TASK OBJECTIVE: The entries are to be reproduced word for word, with all images left out.
*** MATERIAL FOR THE TASK ***
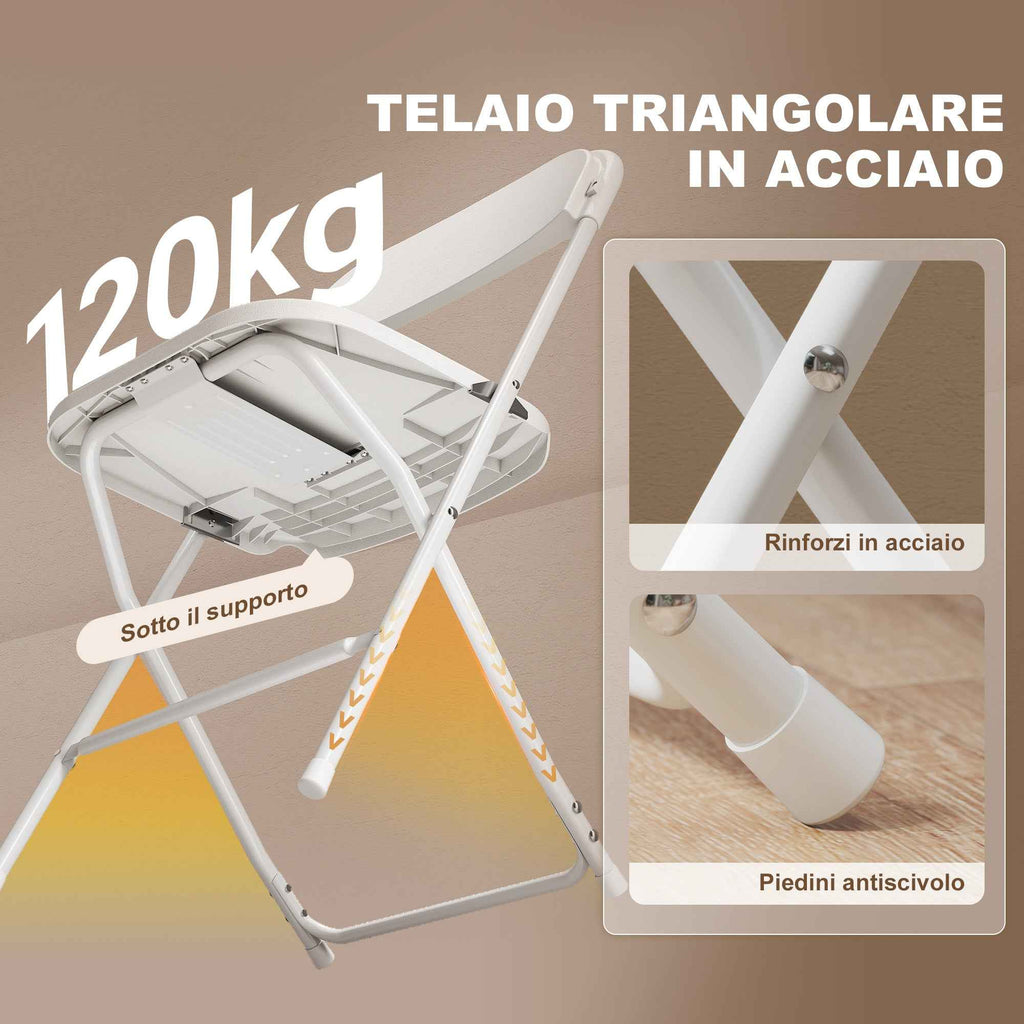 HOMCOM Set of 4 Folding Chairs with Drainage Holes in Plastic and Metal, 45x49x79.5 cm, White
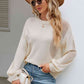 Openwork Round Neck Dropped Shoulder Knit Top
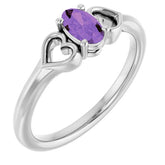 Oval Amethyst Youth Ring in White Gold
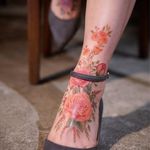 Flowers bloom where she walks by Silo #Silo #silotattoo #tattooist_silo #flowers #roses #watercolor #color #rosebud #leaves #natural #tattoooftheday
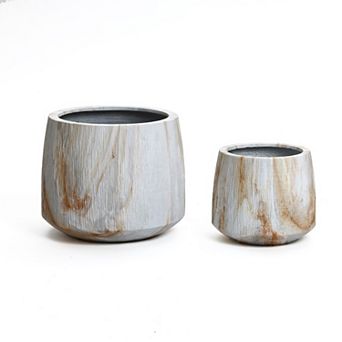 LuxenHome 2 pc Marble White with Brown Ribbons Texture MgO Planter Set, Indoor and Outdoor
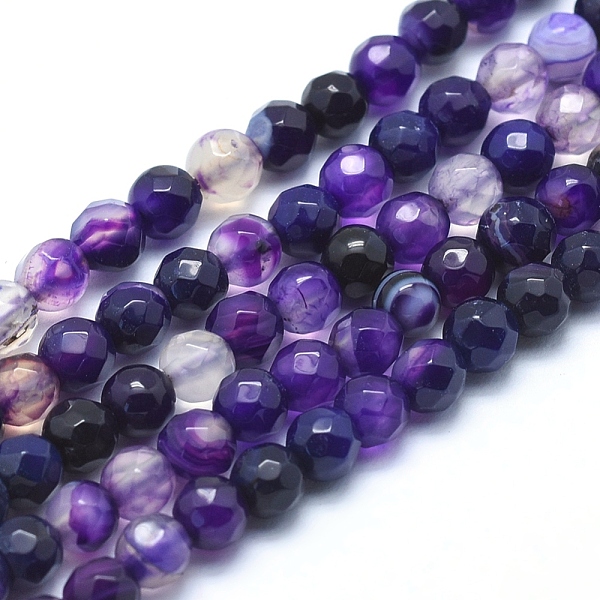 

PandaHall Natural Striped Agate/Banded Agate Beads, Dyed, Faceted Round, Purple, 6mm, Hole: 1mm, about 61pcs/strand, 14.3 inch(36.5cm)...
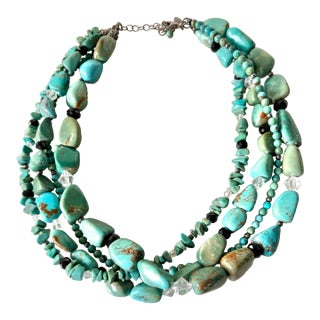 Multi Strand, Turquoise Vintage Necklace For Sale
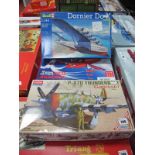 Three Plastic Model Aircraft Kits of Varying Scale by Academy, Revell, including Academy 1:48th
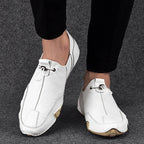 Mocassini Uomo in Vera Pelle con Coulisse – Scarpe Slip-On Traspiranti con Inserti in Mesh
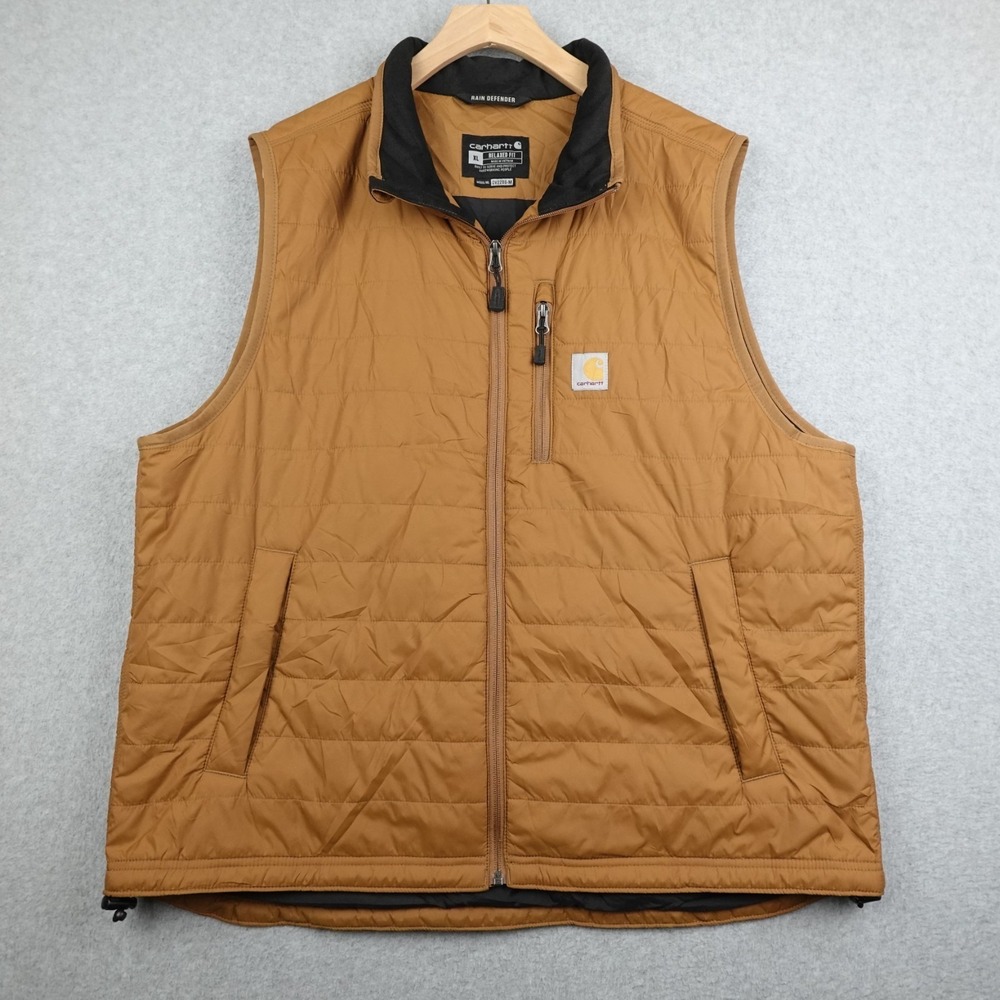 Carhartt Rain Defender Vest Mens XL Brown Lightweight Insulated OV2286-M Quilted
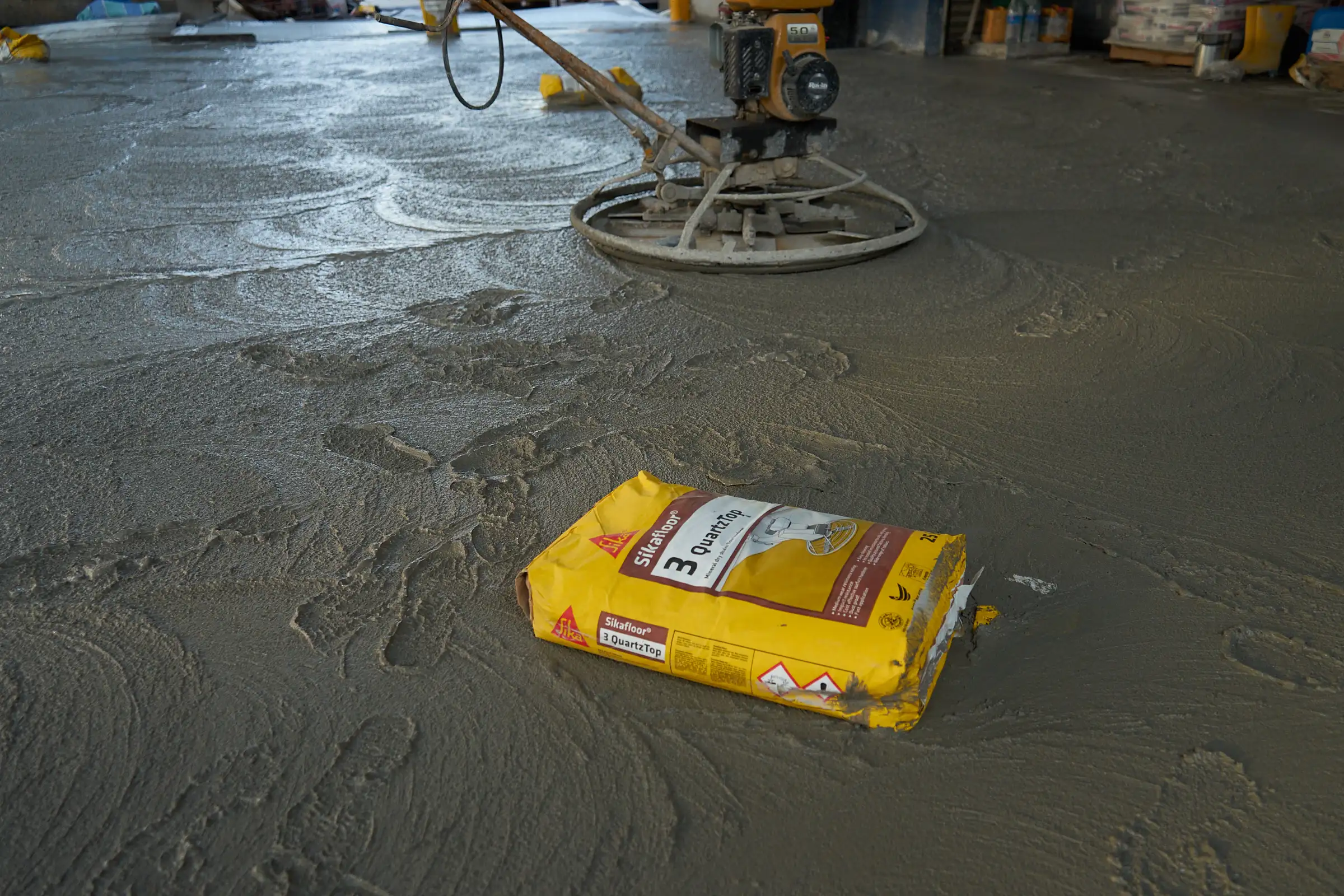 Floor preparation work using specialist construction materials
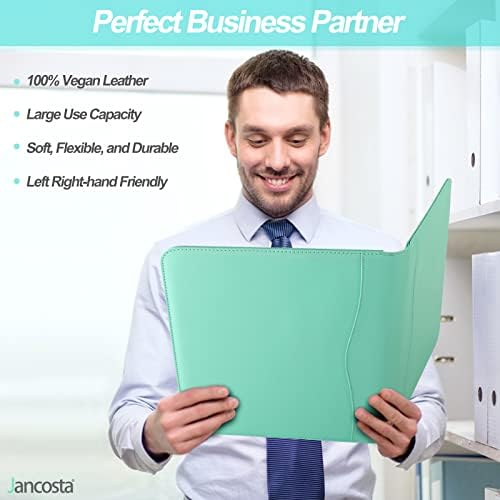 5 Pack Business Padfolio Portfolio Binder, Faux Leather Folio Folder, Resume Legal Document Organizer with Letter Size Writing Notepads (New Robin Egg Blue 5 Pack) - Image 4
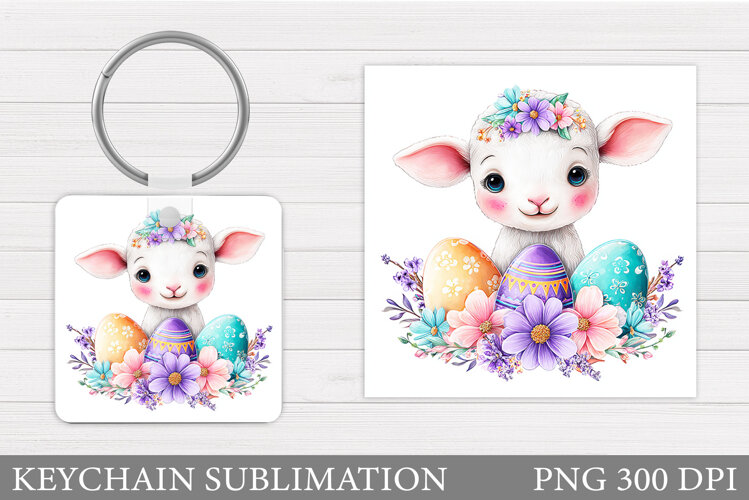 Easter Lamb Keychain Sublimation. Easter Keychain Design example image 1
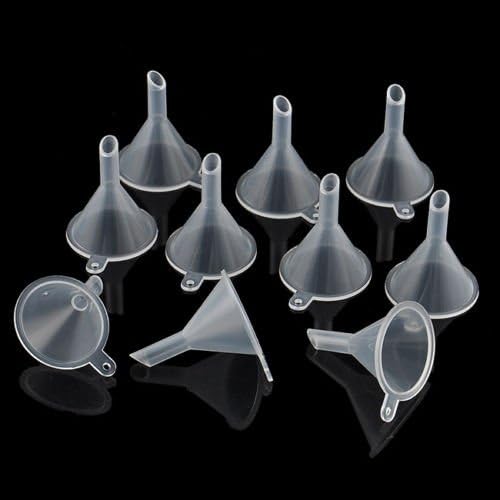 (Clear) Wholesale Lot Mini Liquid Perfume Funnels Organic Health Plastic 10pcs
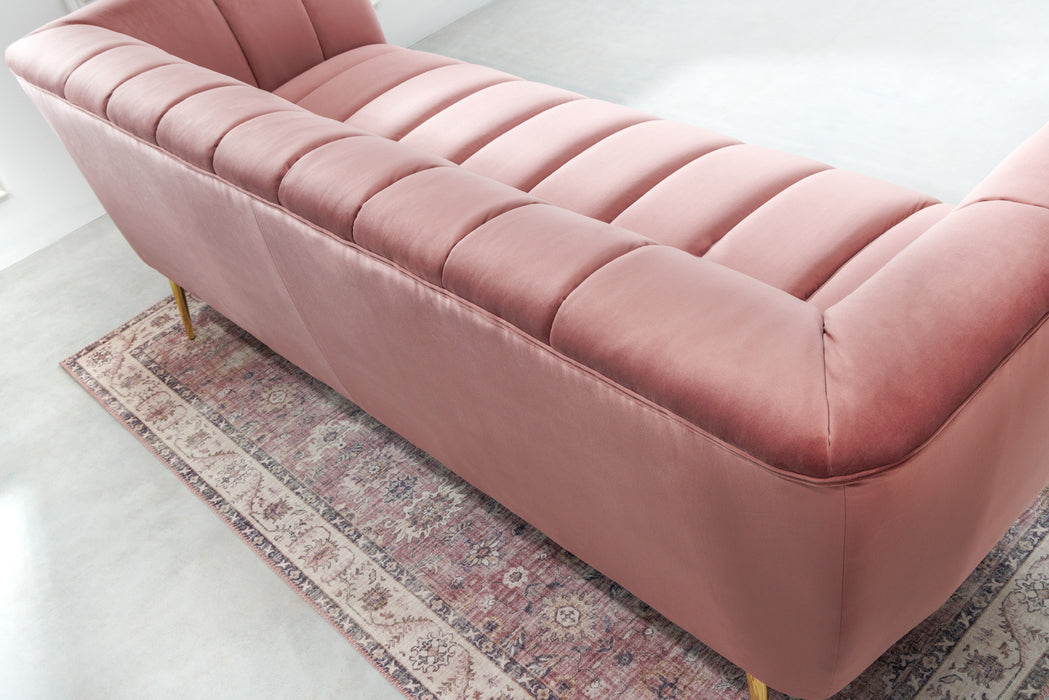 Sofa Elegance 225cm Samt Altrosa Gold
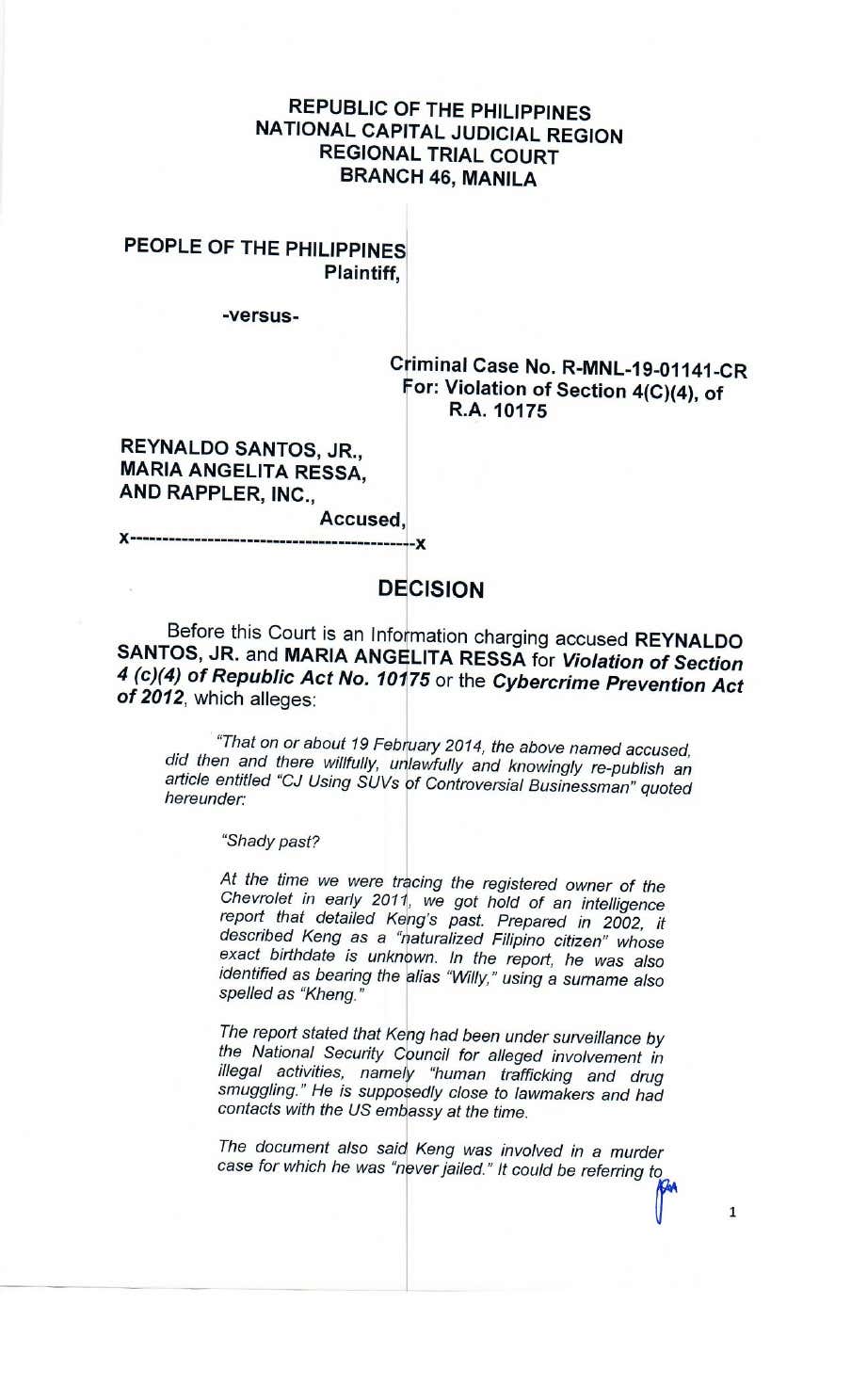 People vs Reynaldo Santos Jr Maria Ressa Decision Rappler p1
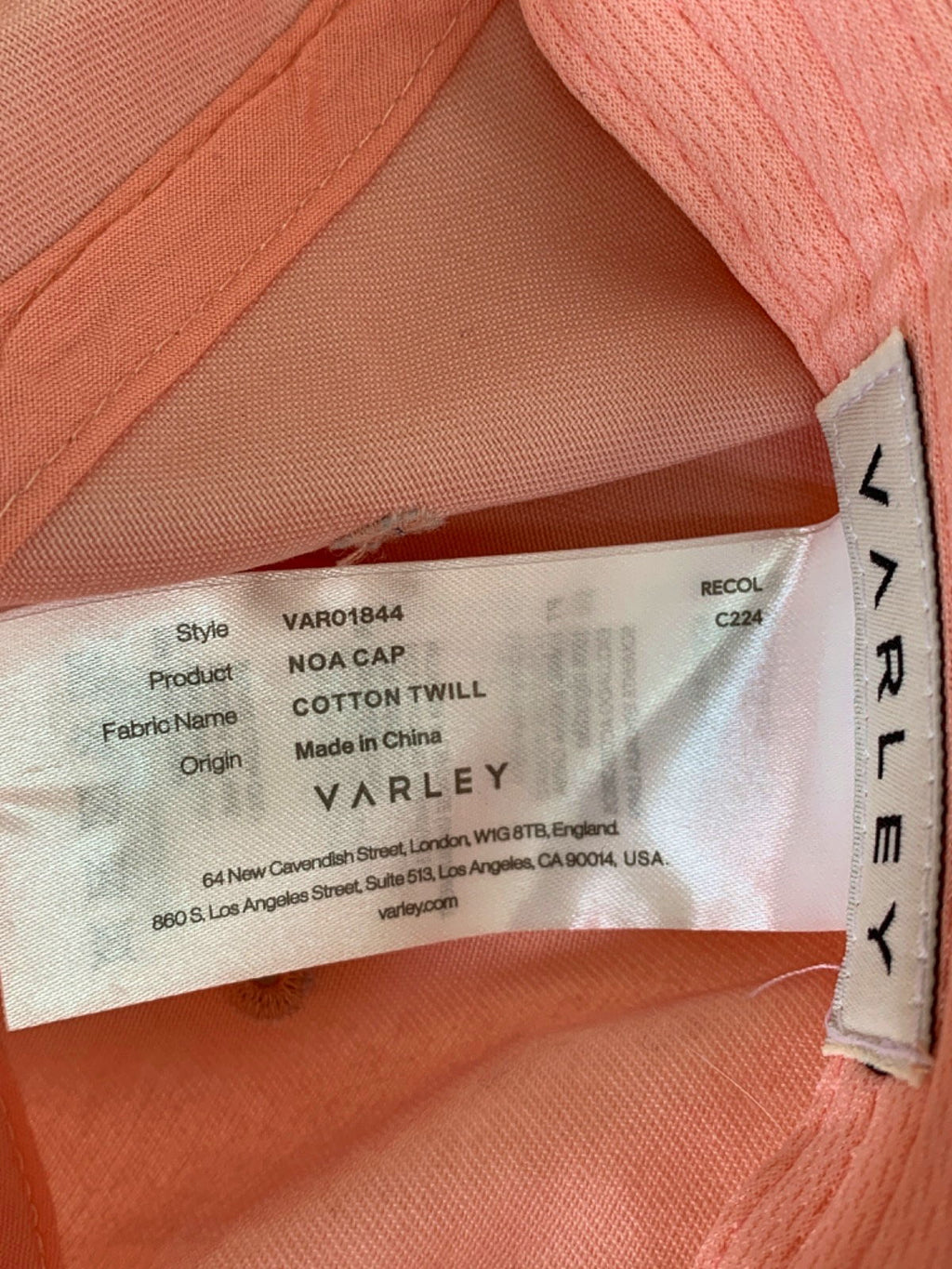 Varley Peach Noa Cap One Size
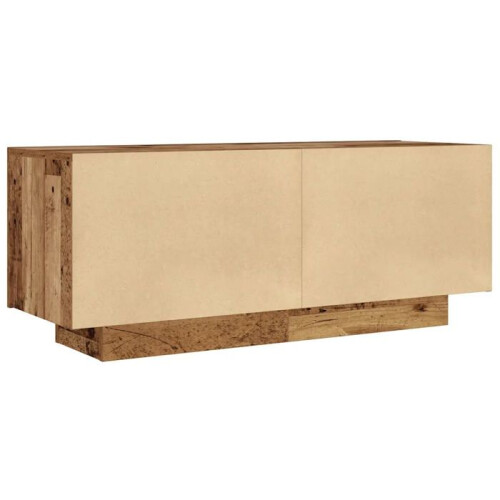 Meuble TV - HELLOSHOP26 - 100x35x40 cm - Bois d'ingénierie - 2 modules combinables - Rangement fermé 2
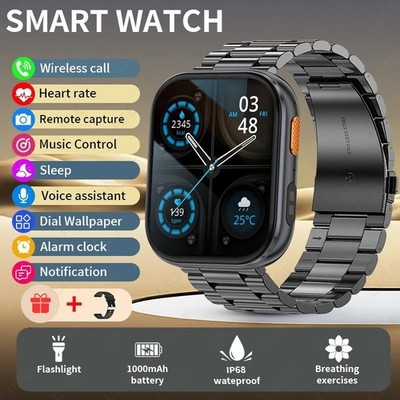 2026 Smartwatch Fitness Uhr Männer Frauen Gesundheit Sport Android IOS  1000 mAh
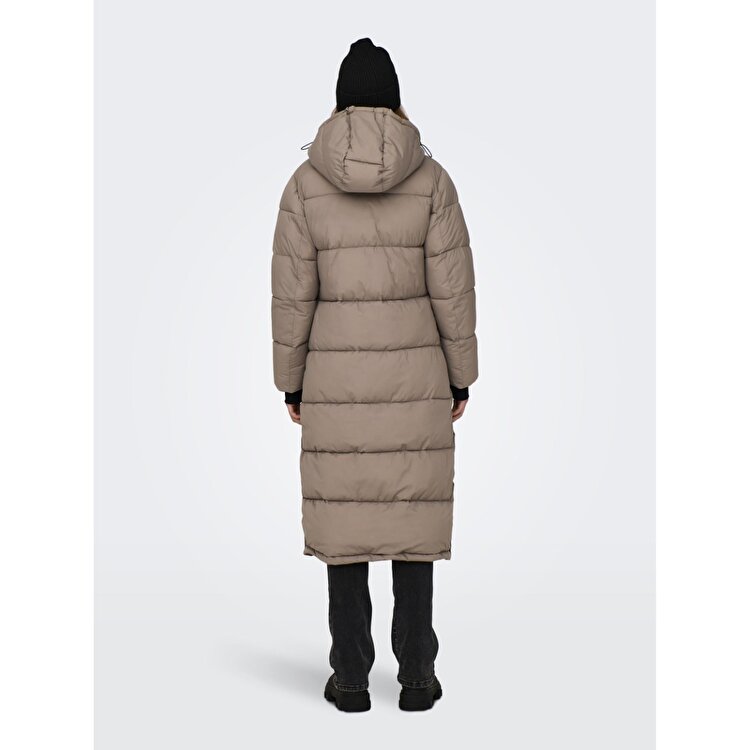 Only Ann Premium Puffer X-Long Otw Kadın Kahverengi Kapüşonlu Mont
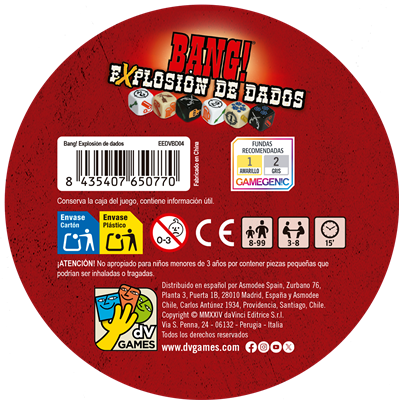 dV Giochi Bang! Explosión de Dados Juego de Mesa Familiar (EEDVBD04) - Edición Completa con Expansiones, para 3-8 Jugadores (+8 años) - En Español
*** End of MATERIAL FOR THE TASK ***
RESPONSE FOR THIS EXERCISE:
 HOMCOM Set of 4 Folding Chairs with Drainage Holes in Plastic and Metal, 45x49x79.5 cm, White
 Openwork Round Neck Dropped Shoulder Knit Top
 Oval Amethyst Youth Ring in White Gold
 Flowers bloom where she walks by Silo #Silo #silotattoo #tattooist_silo #flowers #roses #watercolor #color #rosebud #leaves #natural #tattoooftheday
 LuxenHome 2 pc Marble White with Brown Ribbons Texture MgO Planter Set, Indoor and Outdoor

PandaHall Natural Striped Agate/Banded Agate Beads, Dyed, Faceted Round, Purple, 6mm, Hole: 1mm, about 61pcs/strand, 14.3 inch(36.5cm)...
 Multi Strand, Turquoise Vintage Necklace For Sale
 Three Plastic Model Aircraft Kits of Varying Scale by Academy, Revell, including Academy 1:48th
 Mocassini Uomo in Vera Pelle con Coulisse – Scarpe Slip-On Traspiranti con Inserti in Mesh
 Carhartt Rain Defender Vest Mens XL Brown Lightweight Insulated OV2286-M Quilted
 Floor preparation work using specialist construction materials
 5 Pack Business Padfolio Portfolio Binder, Faux Leather Folio Folder, Resume Legal Document Organizer with Letter Size Writing Notepads (New Robin Egg Blue 5 Pack) - Image 4
 Easter Lamb Keychain Sublimation. Easter Keychain Design example image 1
 (Clear) Wholesale Lot Mini Liquid Perfume Funnels Organic Health Plastic 10pcs
 Sofa Elegance 225cm Samt Altrosa Gold
 People vs Reynaldo Santos Jr Maria Ressa Decision Rappler p1
 Varley Peach Noa Cap One Size
 Meuble TV - HELLOSHOP26 - 100x35x40 cm - Bois d'ingénierie - 2 modules combinables - Rangement fermé 2
 2026 Smartwatch Fitness Uhr Männer Frauen Gesundheit Sport Android IOS  1000 mAh
 Only Ann Premium Puffer X-Long Otw Kadın Kahverengi Kapüşonlu Mont
 dV Giochi Bang! Explosión de Dados Juego de Mesa Familiar (EEDVBD04) - Edición Completa con Expansiones, para 3-8 Jugadores (+8 años) - En Español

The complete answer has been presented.